Maine Secretary of State Shenna Bellows has approved the wording for a referendum question that could make it difficult to engineer a public purchase of the state’s largest power utilities.
If successful, voter approval would be required for a consumer-owned utility, such as one proposed on the same November ballot, to take on more than $1 billion in debt.
Bellows said the question on the ballot in November will read: “Do you want to bar some quasi-government entities and all consumer-owned utilities from taking on more than $1 billion in debt unless they get statewide voter approval?”
Willy Ritch, executive director of No Blank Checks, the group which is backing the debt-approval referendum, said the wording is acceptable to his group.
“It’s actually a pretty straightforward proposal,” Ritch said. Representatives of Our Power, the group backing the consumer buyout of the utilities, did not return a call seeking reaction to the wording.
Three weeks ago, a state judge ordered Bellows to rewrite the language for the referendum that could create the consumer-owned utilities through a buyout of investor-owned Central Maine Power and Versant Power.
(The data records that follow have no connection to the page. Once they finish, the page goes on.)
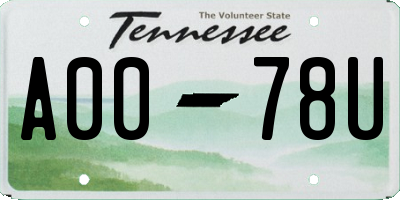 TN license plate A0078U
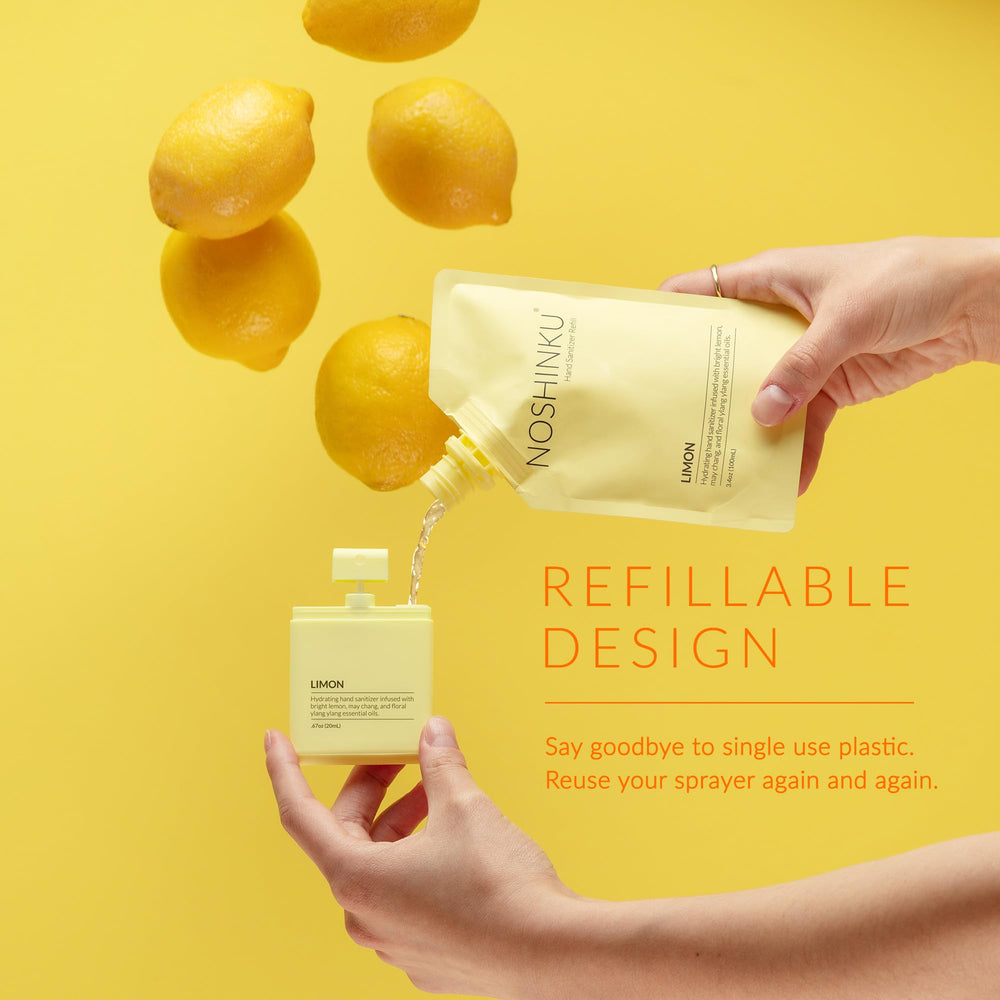 Noshinku refillable pocket spray with orange coriander scent for refreshing hands.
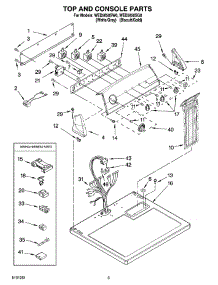 02 - Top And Console Parts parts for Whirlpool Dryer WED5850SW0 from AppliancePartsPros.com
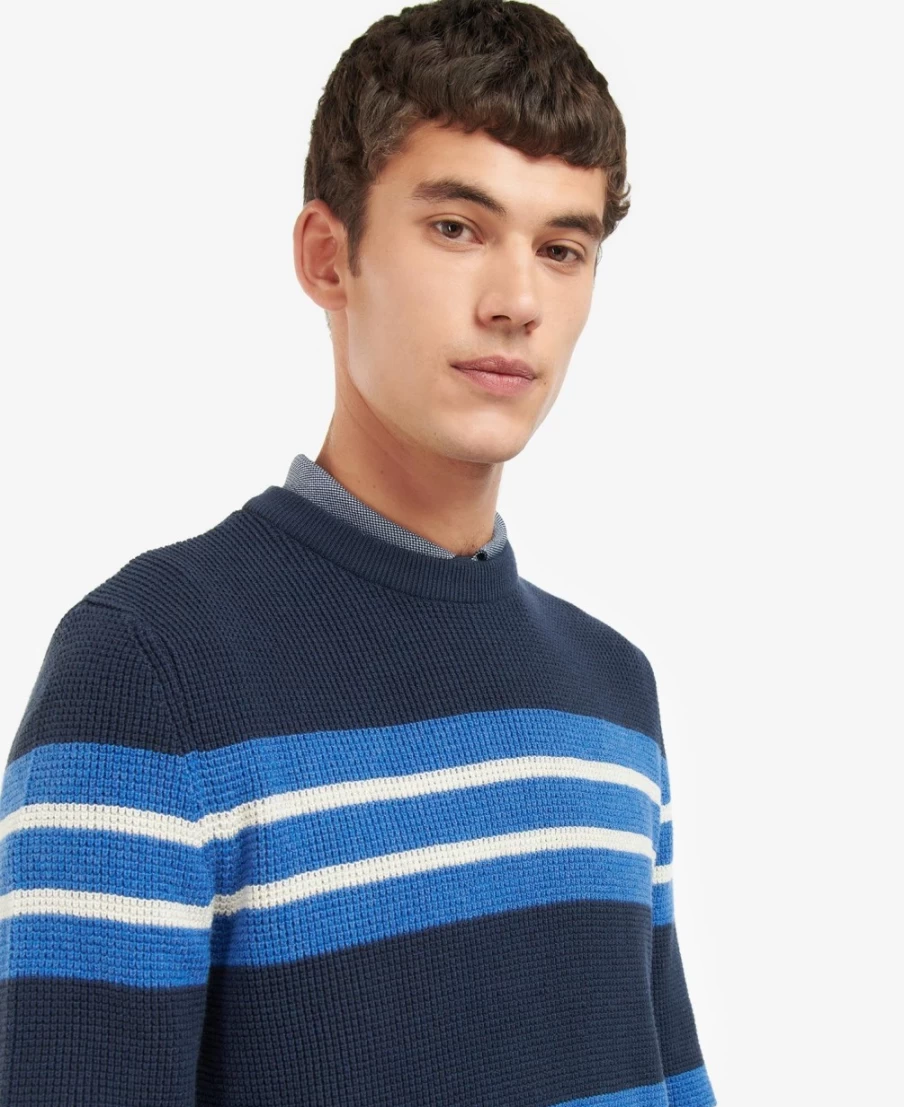 Barbour Men's Classic Navy Blaydon Striped Sweatshirt - Casual Comfort Fit Pullover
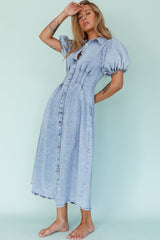 Vestido midi plisado con cintura Zurich azul denim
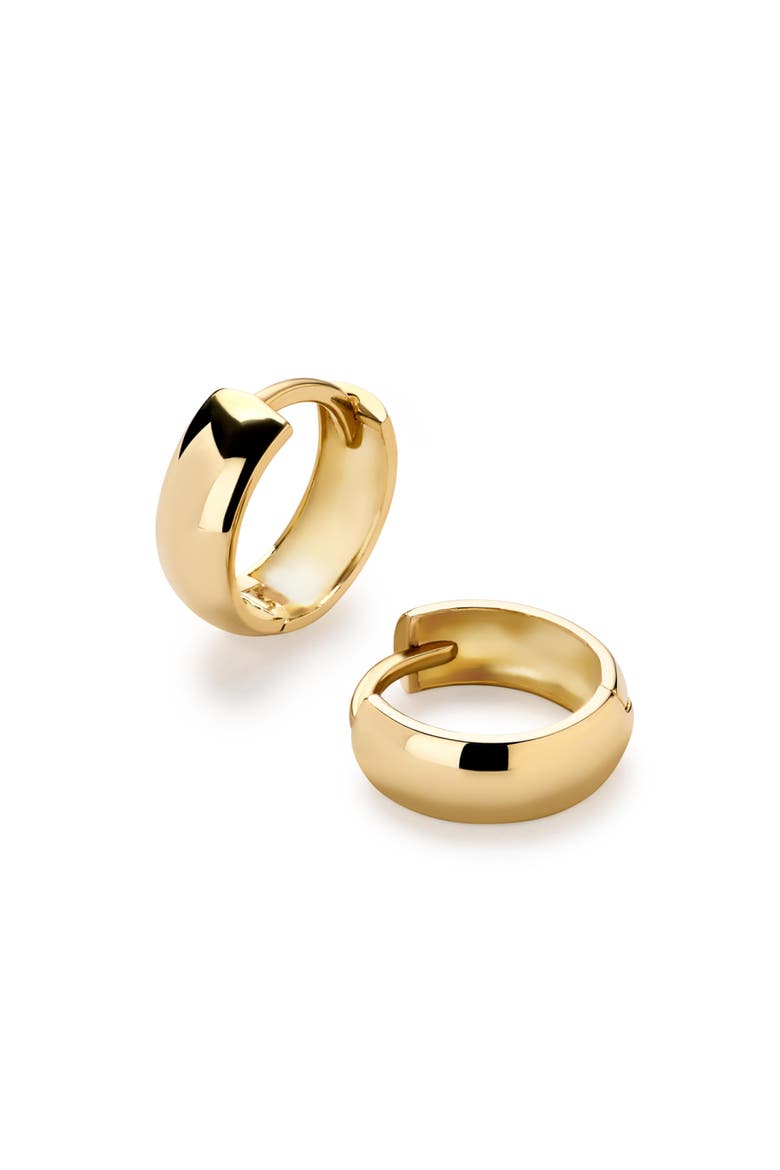 Solid Yellow Gold - Gold Bold Huggie Hoops, Main, color, Gold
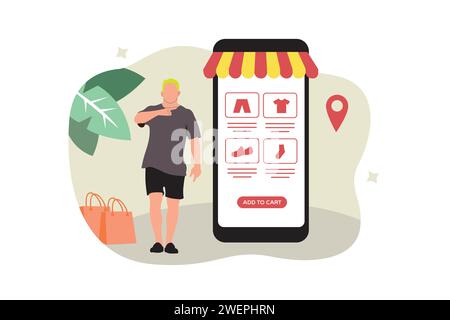 Shopping online concept with man and smartphone. Vector illustration in flat style Stock Vector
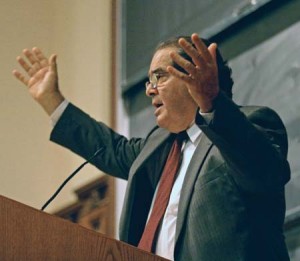 Conservative Supreme Court Justice Antonin Scalia speaks at a Yale Political Union debate Thursday, arguing that the Constitution should be understood in its historical context.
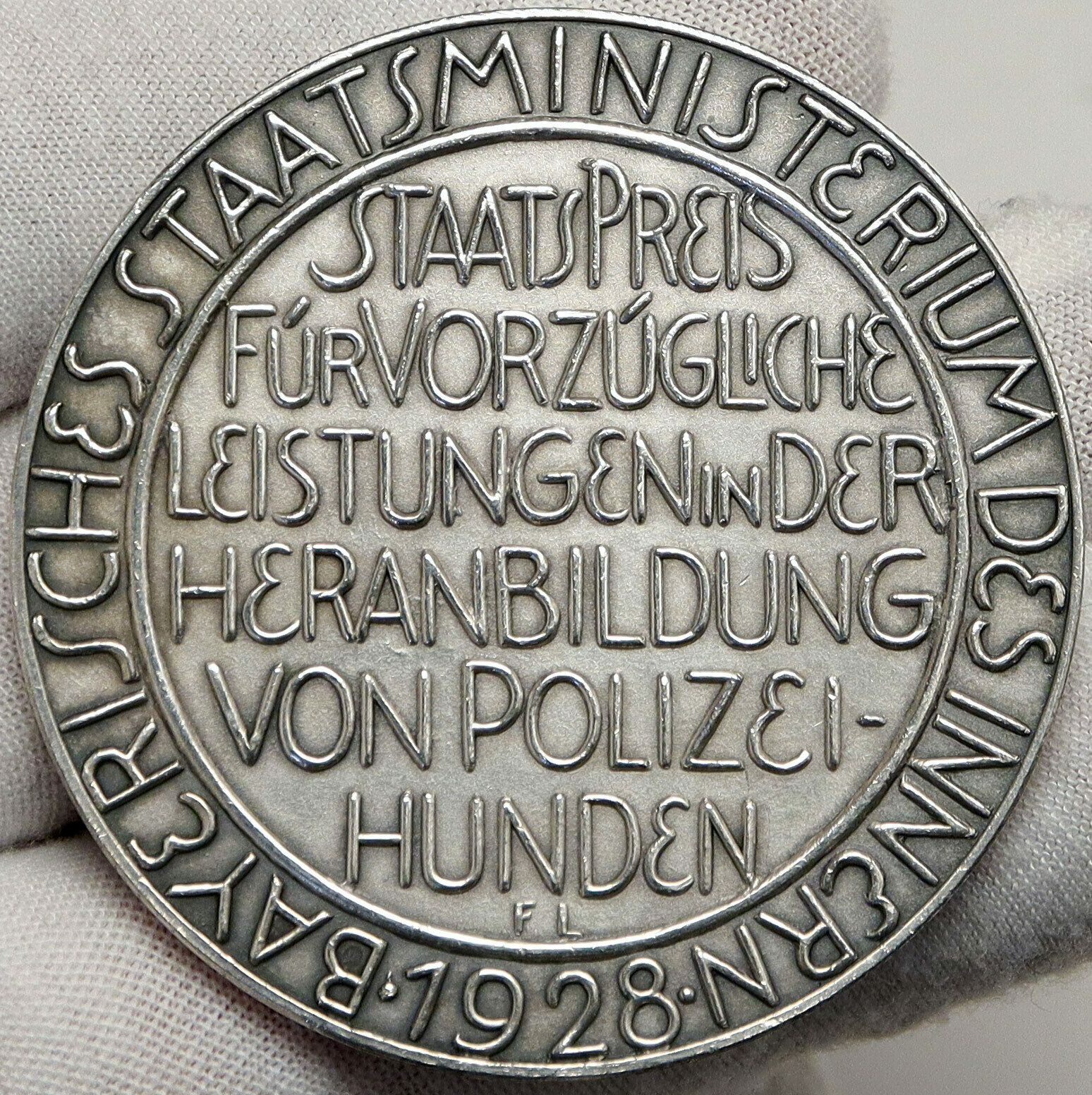 1928 GERMANY Bavarian Ministry of Interior Silver OLD German Medal Coin i88196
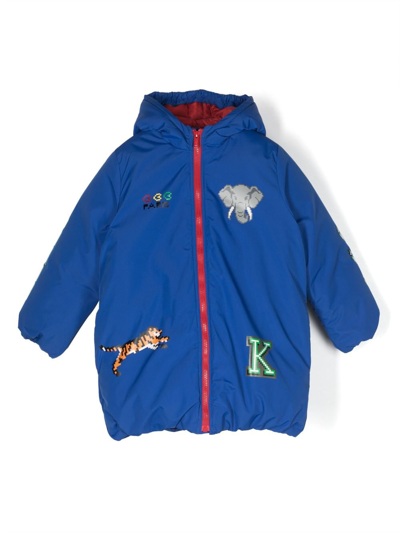Kenzo Kids' Pixelated-print Zip-up Puffer Jacket In Blue
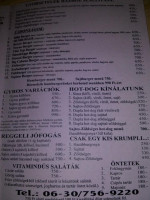 Centrál Étterem és Pizzéria menu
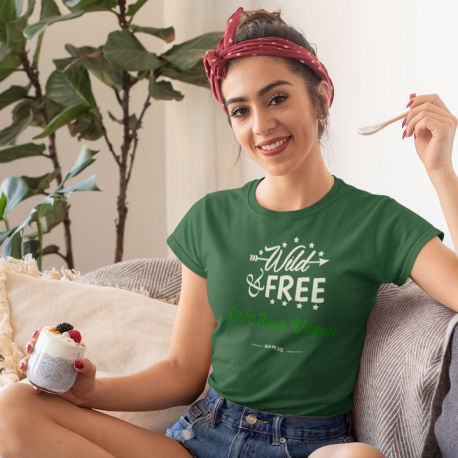 Wild & Free Raw Vegan V2 Women’s Organic Cotton T-Shirt (Light Design)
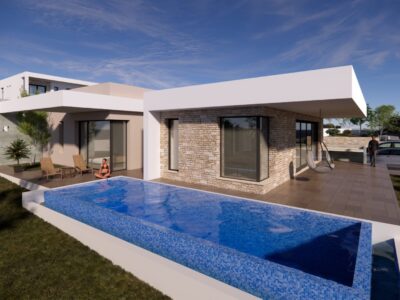 Private overflow pool of 5 Bedroom Bungalow in Tala Paphos (render)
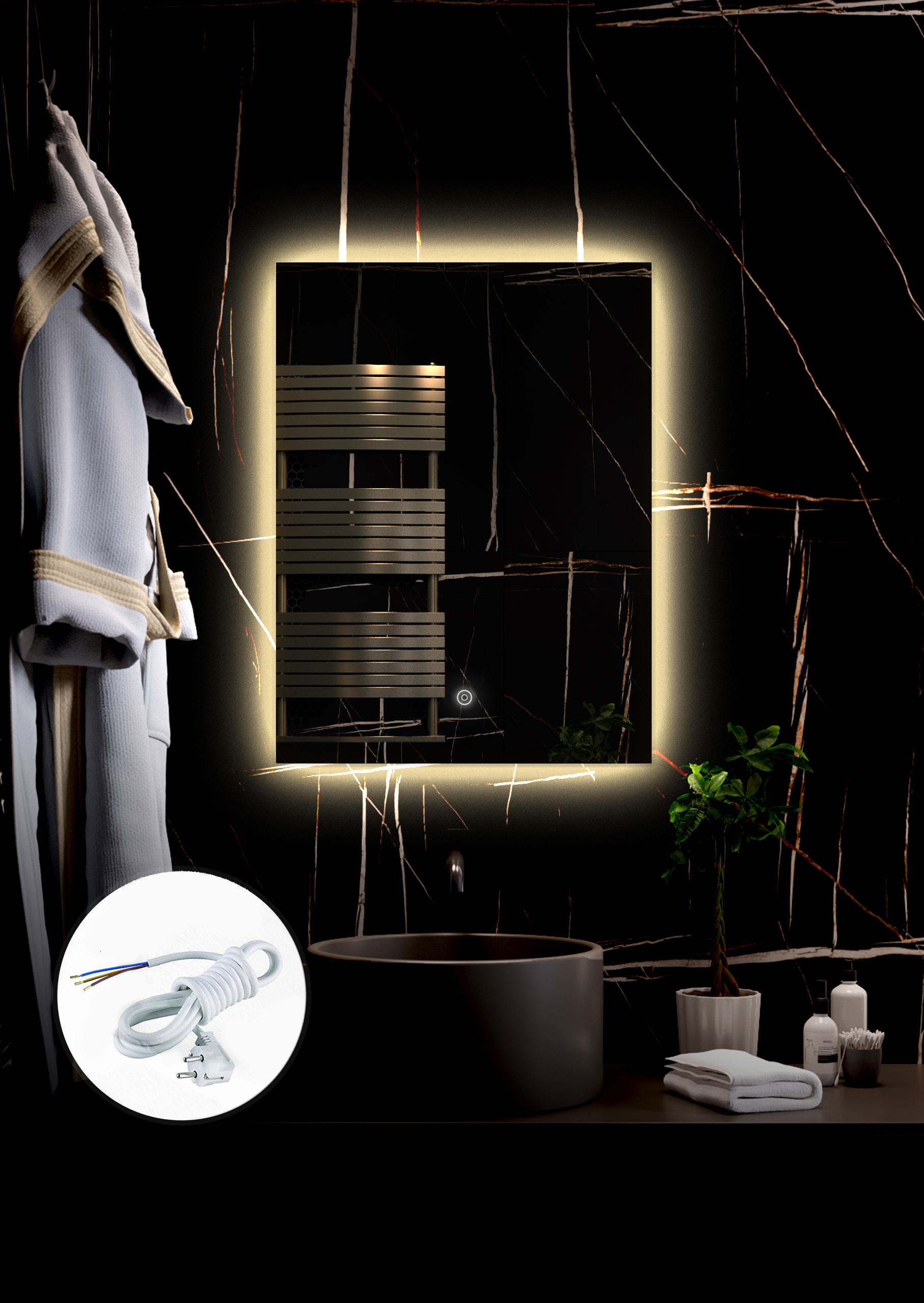 Изображение товара Зеркало с подсветкой Alfa Mirrors Ek-57Vd 50x70 см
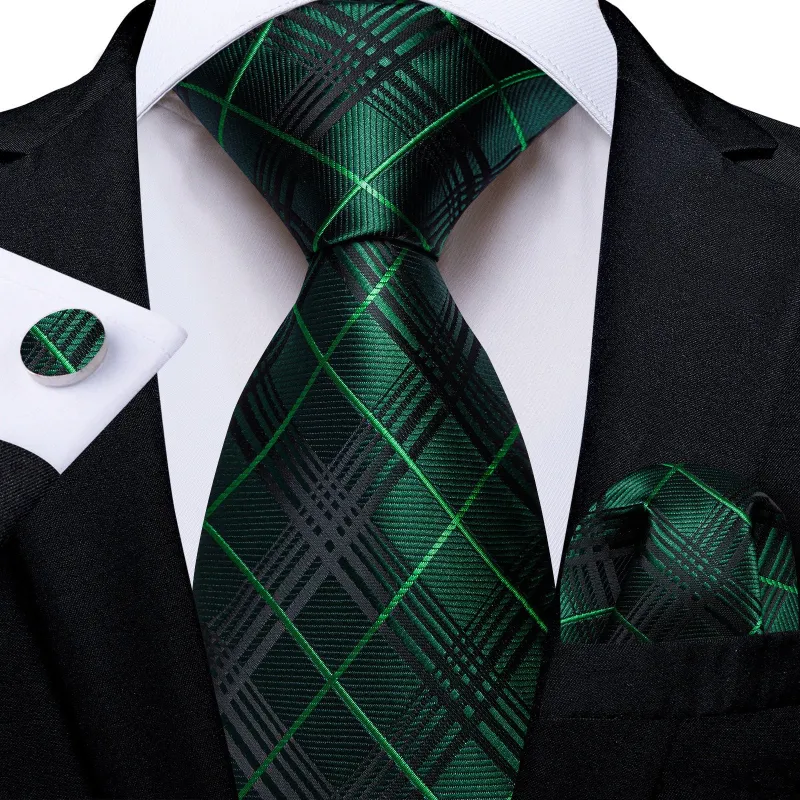 Ties2you Mens Hunter Green Tie Plaid Silk Necktie Pocket Square Cufflinks Set made by Ties2You
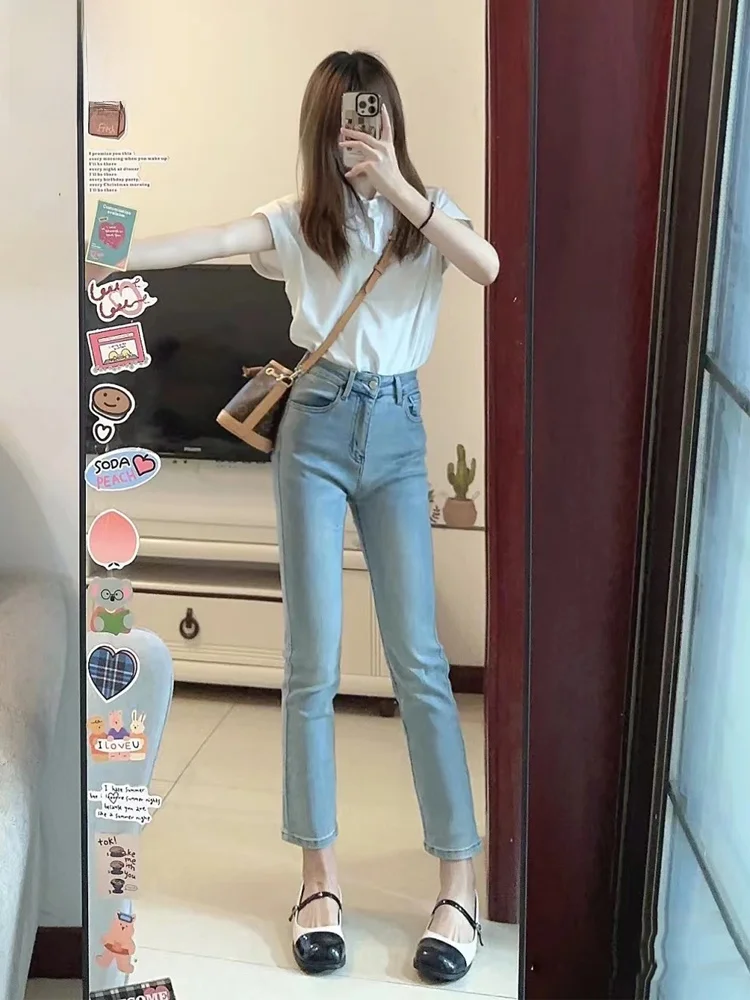

Ультратонкие джинсы из ледяного шелка с прямыми штанинами для женщин, летние, утягивающие, французский стиль, укороченные, джинсовые брюки-дудочки с высокой талией, чистый хлопок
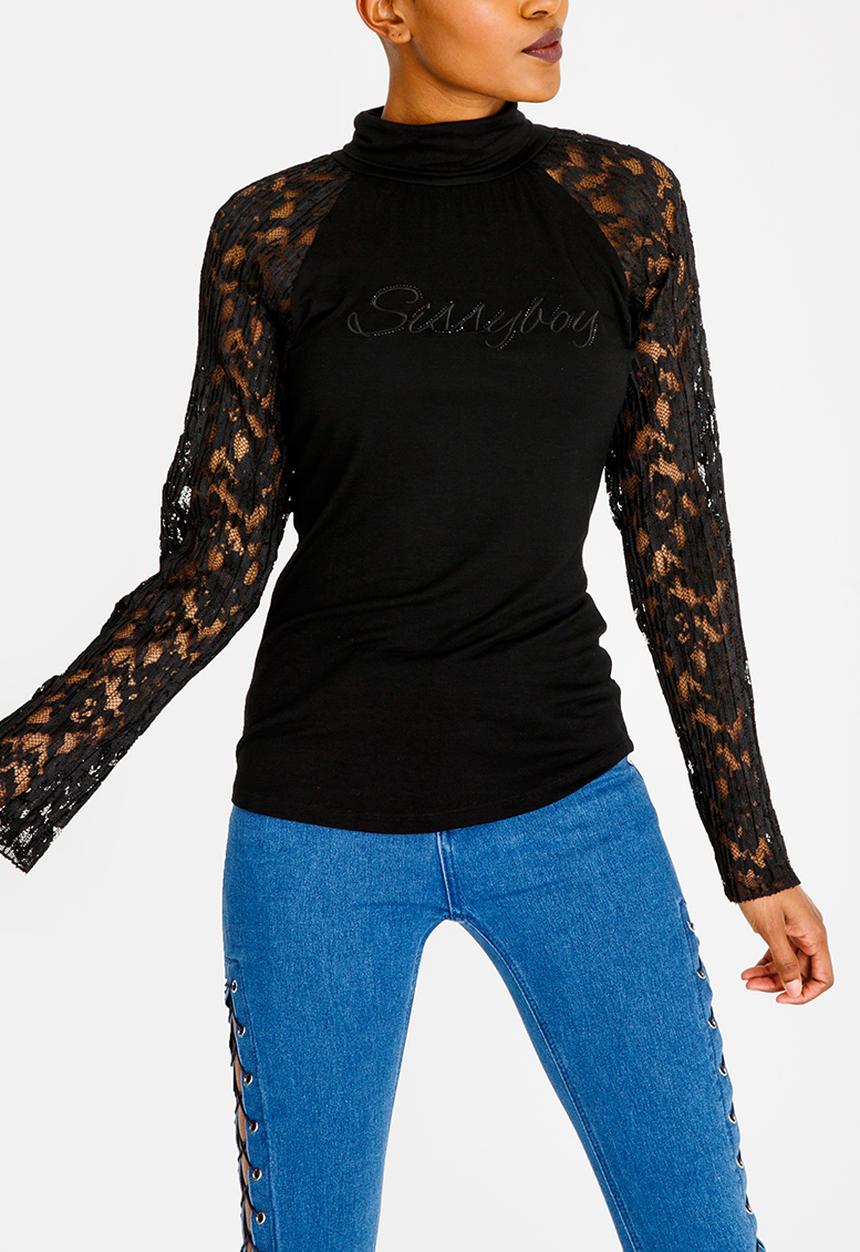 SISSY BOY - Polo Neck with Lace Detail Black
The judge said that Bellow’s use of “quasi-governmental” in that question could be confusing or misleading to voters. Bellows has appealed that decision to the Maine Supreme Judicial Court and a ruling is expected within the next week or two.
Once the wording questions are settled, the referendum proposals will go to the state Legislature. Lawmakers can either approve the proposals, send the questions to voters or adopt competing proposals that would go on the ballot with the questions.
The Legislature almost always sends the questions to voters without alternative questions.